Being at the observatory was a one-time opportunity, when it was completely empty, to wander as I pleased and to photograph really close and at eye level, without disturbing the marine environment; some of it artificial - packed inside an aquarium as an exemplar, and some of it wild, extending beyond an underwater window that you can see out - from an aquarium – to the sea. The human emptiness and silence were very powerful, there was a feeling that in an instant the abandoned place would succumb to the forces of nature that would rise above it and expropriate it from man.
A feeling that if the epidemic continues a little longer, as well as the absence of humans, then the outside will allow itself to break into the interior, and the nature trapped inside ponds and aquariums, man-made nature - designed to mimic living environments for conservation, display and entertainment - will blend with the wildness of nature outside.

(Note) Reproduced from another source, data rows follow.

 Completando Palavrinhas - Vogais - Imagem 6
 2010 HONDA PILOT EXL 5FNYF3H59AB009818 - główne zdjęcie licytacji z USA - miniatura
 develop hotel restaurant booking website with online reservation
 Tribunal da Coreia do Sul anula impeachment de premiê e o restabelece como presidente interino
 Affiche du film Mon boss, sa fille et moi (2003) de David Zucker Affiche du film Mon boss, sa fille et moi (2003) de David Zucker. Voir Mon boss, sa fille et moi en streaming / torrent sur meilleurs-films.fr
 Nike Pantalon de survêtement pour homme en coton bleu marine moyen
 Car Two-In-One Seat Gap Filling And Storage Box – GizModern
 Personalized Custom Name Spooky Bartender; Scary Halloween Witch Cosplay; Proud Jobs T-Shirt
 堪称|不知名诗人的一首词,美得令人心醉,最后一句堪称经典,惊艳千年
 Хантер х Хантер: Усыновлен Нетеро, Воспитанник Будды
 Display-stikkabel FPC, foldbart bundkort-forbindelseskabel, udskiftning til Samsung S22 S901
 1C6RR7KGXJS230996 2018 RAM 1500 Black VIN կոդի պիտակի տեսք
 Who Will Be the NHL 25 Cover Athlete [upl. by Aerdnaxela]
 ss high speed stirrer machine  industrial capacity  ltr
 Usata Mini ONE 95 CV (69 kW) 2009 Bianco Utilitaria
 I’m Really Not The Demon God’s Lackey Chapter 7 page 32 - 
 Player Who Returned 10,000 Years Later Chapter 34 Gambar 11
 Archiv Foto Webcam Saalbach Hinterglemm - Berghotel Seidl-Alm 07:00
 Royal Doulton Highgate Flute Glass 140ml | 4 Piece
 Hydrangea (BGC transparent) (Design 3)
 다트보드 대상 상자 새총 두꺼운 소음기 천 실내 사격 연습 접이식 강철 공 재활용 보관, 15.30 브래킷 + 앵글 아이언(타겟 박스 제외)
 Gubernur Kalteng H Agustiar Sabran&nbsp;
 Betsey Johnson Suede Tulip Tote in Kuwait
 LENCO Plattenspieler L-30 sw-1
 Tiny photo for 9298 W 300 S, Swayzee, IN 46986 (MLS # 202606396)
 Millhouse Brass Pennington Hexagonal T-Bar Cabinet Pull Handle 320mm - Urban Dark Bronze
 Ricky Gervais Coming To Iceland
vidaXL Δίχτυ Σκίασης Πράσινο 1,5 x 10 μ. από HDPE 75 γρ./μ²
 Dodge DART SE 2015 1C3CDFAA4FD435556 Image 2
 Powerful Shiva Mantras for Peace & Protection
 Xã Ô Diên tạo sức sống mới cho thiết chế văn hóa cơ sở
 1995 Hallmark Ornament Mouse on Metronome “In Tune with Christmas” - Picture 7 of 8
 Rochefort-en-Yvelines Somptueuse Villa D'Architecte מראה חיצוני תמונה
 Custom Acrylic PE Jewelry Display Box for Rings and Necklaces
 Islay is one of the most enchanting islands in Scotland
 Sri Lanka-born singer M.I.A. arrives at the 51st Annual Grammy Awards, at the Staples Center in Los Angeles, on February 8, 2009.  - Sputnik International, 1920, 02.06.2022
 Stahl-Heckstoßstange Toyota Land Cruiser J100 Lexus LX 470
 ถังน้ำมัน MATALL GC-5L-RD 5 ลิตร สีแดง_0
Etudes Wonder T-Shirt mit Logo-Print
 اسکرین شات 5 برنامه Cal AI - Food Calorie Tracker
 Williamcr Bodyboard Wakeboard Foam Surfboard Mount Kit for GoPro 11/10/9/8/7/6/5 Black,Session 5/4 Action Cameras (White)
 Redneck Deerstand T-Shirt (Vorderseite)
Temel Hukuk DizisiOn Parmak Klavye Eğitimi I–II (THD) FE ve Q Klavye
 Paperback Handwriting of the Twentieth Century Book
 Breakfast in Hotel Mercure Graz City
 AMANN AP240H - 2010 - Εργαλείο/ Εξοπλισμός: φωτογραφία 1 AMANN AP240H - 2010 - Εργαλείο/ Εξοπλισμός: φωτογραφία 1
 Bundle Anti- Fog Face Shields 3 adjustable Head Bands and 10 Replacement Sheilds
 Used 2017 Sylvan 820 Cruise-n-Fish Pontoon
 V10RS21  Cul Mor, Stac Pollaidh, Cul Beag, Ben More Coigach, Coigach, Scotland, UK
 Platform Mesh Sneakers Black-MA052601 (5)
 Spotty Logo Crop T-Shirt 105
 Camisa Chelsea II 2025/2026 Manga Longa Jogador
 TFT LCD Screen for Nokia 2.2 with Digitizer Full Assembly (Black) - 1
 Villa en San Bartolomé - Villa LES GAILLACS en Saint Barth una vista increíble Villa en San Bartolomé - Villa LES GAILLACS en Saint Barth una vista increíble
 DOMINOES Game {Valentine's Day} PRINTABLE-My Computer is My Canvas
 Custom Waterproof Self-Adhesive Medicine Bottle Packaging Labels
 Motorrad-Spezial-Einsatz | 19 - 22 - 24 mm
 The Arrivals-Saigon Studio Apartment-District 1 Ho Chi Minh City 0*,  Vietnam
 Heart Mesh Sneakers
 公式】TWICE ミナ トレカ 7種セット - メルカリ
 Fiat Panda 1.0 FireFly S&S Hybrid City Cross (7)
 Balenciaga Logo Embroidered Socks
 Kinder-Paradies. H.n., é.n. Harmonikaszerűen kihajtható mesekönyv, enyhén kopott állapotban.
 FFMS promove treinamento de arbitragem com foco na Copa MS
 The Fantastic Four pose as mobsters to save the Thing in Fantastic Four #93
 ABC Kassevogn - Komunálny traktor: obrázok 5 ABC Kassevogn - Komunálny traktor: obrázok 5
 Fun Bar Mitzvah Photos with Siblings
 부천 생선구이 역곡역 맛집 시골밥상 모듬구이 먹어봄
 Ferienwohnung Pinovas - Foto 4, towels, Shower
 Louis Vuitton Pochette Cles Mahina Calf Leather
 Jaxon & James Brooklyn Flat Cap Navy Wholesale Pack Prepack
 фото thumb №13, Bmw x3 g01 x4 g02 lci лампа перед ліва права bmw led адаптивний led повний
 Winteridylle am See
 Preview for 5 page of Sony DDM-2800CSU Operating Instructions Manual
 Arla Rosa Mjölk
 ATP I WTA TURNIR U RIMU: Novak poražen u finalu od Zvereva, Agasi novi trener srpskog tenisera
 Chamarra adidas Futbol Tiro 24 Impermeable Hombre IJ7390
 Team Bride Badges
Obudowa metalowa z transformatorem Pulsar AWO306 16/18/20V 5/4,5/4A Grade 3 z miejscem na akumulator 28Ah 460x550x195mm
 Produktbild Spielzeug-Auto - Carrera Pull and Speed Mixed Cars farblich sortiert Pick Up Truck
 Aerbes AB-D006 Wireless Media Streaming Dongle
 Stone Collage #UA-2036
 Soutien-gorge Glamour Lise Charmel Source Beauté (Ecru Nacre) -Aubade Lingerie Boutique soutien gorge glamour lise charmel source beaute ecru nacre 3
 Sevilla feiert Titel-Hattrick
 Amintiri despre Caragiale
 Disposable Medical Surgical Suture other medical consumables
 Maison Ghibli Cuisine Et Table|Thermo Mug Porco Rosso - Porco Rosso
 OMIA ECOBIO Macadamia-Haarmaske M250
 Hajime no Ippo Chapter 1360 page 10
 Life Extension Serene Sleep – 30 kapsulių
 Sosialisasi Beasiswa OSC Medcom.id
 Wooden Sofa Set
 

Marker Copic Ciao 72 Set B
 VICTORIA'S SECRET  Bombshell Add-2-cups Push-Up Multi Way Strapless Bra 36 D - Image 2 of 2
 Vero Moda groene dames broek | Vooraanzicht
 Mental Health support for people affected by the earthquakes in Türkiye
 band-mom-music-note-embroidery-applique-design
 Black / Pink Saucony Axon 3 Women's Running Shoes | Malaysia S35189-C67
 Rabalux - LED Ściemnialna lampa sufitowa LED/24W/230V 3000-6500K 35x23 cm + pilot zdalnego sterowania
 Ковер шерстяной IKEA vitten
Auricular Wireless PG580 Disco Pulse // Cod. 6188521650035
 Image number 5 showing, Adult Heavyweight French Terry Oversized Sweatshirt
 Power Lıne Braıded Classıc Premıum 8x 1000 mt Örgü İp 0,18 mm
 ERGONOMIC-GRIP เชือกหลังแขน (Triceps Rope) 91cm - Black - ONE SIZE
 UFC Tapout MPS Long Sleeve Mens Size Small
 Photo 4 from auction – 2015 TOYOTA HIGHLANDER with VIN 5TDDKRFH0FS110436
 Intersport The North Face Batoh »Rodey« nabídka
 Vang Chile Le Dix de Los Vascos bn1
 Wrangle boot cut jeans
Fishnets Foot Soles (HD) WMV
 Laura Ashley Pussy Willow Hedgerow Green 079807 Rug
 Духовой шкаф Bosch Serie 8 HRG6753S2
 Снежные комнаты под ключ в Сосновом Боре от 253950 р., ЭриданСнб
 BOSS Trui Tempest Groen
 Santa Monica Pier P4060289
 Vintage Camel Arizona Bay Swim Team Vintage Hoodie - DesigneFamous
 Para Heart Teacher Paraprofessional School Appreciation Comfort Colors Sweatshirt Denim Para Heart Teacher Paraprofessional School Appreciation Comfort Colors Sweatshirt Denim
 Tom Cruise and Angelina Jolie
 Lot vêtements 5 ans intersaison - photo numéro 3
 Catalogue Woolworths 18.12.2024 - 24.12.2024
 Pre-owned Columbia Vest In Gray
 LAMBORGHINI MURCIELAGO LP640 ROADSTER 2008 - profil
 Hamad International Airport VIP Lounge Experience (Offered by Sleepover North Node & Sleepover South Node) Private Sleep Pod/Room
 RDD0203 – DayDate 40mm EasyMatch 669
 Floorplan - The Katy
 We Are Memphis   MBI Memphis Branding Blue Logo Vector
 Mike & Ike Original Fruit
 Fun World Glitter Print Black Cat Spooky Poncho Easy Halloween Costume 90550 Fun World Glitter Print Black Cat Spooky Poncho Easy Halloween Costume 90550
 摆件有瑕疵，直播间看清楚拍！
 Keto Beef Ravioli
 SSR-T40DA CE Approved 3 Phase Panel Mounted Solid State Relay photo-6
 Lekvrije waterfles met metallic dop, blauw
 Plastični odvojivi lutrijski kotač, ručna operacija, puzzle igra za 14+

The photographs in the series simulates this moment! They deal with the rising tension between the inside and the outside, and the blurring between nature or wild reality and a virtual or staged reality created by human actions. Each work consists of two frames, one on top of the other. One is a view into an aquarium or pond, and the other is a view from the underwater observatory out into the open sea.
My action fixes the blur between the two gazes and creates a fantastic moment of virtual reality, or perhaps actually a glimpse into a future reality; to the day when the sea will rise on land again.